*Task prompt:*
Begin your copy at the line that holds "Inviting bedroom with" and carry it through the final line of the data, writing out each line exactly and omitting pictures.
── Data below
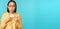 Young beautiful asian woman showing credit card, smiling, choosing bank, standing over blue background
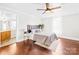 Inviting bedroom with a ceiling fan, hardwood floors, and access to a bathroom at 406 S Gaston St, Dallas, NC 28034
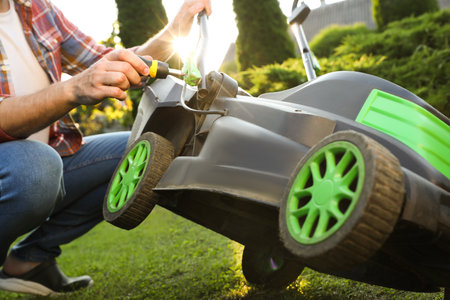 Man with screwdriver fixing lawn mower in garden, closeupの写真素材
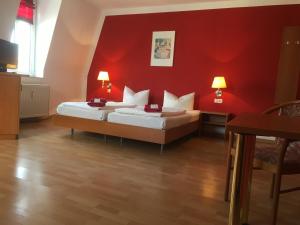 a bedroom with a white bed and a red couch at Hotel & Pension NOlift in Dresden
────
*Answer space:*
 Inviting bedroom with a ceiling fan, hardwood floors, and access to a bathroom at 406 S Gaston St, Dallas, NC 28034
 Man with screwdriver fixing lawn mower in garden, closeupの写真素材
 a bedroom with a white bed and a red couch at Hotel & Pension NOlift in Dresden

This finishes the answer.